Hudi

Hudi

Overview

Apache Hudi (pronounced “hoodie”) is a next-generation streaming data lake platform. Apache Hudi brings core warehouse and database functionality directly into the data lake. Hudi provides tables, transactions, efficient upserts/deletes, advanced indexing, streaming ingestion services, data clustering/compression optimizations, and concurrency while keeping data in an open source file format.

Supported Version

Load Node	Version
Hudi	Hudi: 0.12+

Dependencies

Introduce sort-connector-hudi through Maven to build your own project. Of course, you can also directly use the jar package provided by INLONG. (sort-connector-hudi)

Maven dependency

<dependency>
    <groupId>org.apache.inlong</groupId>
    <artifactId>sort-connector-hudi</artifactId>
    <version>1.8.0</version>
</dependency>

How to create a Hudi Extract Node

Usage for SQL API

The example below shows how to create a Hudi Load Node with Flink SQL Cli :

CREATE TABLE `hudi_table_name` (
  id STRING,
  name STRING,
  uv BIGINT,
  pv BIGINT
) WITH (
    'connector' = 'hudi-inlong',
    'path' = 'hdfs://127.0.0.1:90001/data/warehouse/hudi_db_name.db/hudi_table_name',
    'uri' = 'thrift://127.0.0.1:8091',
    'hoodie.database.name' = 'hudi_db_name',
    'hoodie.table.name' = 'hudi_table_name',
    'read.streaming.check-interval'='1',
    'read.streaming.enabled'='true',
    'read.streaming.skip_compaction'='true',
    'read.start-commit'='20221220121000',
    --
    'hoodie.bucket.index.hash.field' = 'id',
    -- compaction
    'compaction.tasks' = '10',
    'compaction.async.enabled' = 'true',
    'compaction.schedule.enabled' = 'true',
    'compaction.max_memory' = '3096',
    'compaction.trigger.strategy' = 'num_or_time',
    'compaction.delta_commits' = '5',
    'compaction.max_memory' = '3096',
    --
    'hoodie.keep.min.commits' = '1440',
    'hoodie.keep.max.commits' = '2880',
    'clean.async.enabled' = 'true',
    --
    'write.operation' = 'upsert',
    'write.bucket_assign.tasks' = '60',
    'write.tasks' = '60',
    'write.log_block.size' = '128',
    --
    'index.type' = 'BUCKET',
    'metadata.enabled' = 'false',
    'hoodie.bucket.index.num.buckets' = '20',
    'table.type' = 'MERGE_ON_READ',
    'clean.retain_commits' = '30',
    'hoodie.cleaner.policy' = 'KEEP_LATEST_COMMITS'
);

Usage for Dashboard

Configuration

When creating a data stream, select Hudi for the data stream direction, and click “Add” to configure it.
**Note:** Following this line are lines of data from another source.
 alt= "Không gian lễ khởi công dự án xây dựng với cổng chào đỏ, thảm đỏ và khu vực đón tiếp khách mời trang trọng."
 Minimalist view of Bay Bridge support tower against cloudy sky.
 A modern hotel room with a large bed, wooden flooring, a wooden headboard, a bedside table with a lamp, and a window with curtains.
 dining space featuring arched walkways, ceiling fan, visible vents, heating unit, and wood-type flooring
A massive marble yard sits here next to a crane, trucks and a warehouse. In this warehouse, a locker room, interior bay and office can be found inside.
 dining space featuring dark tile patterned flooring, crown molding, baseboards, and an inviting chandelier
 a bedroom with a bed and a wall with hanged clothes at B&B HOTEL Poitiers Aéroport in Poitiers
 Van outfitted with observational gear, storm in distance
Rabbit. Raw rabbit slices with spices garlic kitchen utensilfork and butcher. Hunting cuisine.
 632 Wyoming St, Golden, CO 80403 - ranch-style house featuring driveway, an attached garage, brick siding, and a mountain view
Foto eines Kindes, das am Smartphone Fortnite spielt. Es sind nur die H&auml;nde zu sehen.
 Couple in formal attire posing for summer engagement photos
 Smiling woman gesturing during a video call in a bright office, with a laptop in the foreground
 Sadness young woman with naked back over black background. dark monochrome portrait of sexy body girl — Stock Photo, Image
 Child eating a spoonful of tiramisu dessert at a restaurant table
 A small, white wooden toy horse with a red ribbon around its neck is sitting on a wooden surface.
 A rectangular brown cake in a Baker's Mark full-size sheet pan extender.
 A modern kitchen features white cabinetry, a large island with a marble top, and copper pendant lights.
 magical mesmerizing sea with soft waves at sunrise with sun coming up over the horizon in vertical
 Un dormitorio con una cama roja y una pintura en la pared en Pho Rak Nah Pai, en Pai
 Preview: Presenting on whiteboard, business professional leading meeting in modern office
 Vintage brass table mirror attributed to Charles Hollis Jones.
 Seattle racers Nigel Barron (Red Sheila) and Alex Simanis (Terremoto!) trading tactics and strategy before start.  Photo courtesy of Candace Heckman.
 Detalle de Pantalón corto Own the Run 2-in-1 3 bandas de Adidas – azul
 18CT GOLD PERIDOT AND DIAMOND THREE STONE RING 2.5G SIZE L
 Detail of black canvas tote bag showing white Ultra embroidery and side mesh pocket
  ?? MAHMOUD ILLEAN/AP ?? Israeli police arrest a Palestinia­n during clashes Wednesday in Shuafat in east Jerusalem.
Config Item	prop in DDL statement	remark
`DbName`	`hoodie.database.name`	the name of database
`TableName`	`hudi_table_name`	the name of table
`EnableCreateResource`	-	If the library table already exists and does not need to be modified, select [Do not create], otherwise select [Create], and the system will automatically create the resource.
`Catalog URI`	`uri`	The server uri of catalog
`Warehouse`	-	The location where the hudi table is stored in HDFS In the SQL DDL, the path attribute is to splice the `warehouse path` with the name of db and table
`StartCommit`	`read.start-commit`	Start commit instant for reading, the commit time format should be ‘yyyyMMddHHmmss’, by default reading from the latest instant for streaming read
`SkipCompaction`	`read.streaming.skip_compaction`	Whether to skip compaction instants for streaming read, there are two cases that this option can be used to avoid reading duplicates: 1) you are definitely sure that the consumer reads faster than any compaction instants, usually with delta time compaction strategy that is long enough, for e.g, one week; 2) changelog mode is enabled, this option is a solution to keep data integrity

Usage for InLong Manager Client

TODO

Hudi Extract Node Options

Option	Required	Default	Type	Description
connector	required	(none)	String	Specify what connector to use, here should be ‘hudi-inlong’.
uri	required	(none)	String	Metastore uris for hive sync
hoodie.database.name	optional	(none)	String	Database name that will be used for incremental query.If different databases have the same table name during incremental query, we can set it to limit the table name under a specific database
hoodie.table.name	optional	(none)	String	Table name that will be used for registering with Hive. Needs to be same across runs.
`read.start-commit`	optional	newest commit id	String	Start commit instant for reading, the commit time format should be ‘yyyyMMddHHmmss’, by default reading from the latest instant for streaming read
`read.streaming.skip_compaction`	option	false	String	Whether to skip compaction instants for streaming read, there are two cases that this option can be used to avoid reading duplicates: 1) you are definitely sure that the consumer reads faster than any compaction instants, usually with delta time compaction strategy that is long enough, for e.g, one week; 2) changelog mode is enabled, this option is a solution to keep data integrity
inlong.metric.labels	optional	(none)	String	Inlong metric label, format of value is groupId=xxgroup&streamId=xxstream&nodeId=xxnode.

Data Type Mapping

Hive type	Flink SQL type
char(p)	CHAR(p)
varchar(p)	VARCHAR(p)
string	STRING
boolean	BOOLEAN
tinyint	TINYINT
smallint	SMALLINT
int	INT
bigint	BIGINT
float	FLOAT
double	DOUBLE
decimal(p, s)	DECIMAL(p, s)
date	DATE
timestamp(9)	TIMESTAMP
bytes	BINARY
array	LIST
map	MAP
row	STRUCT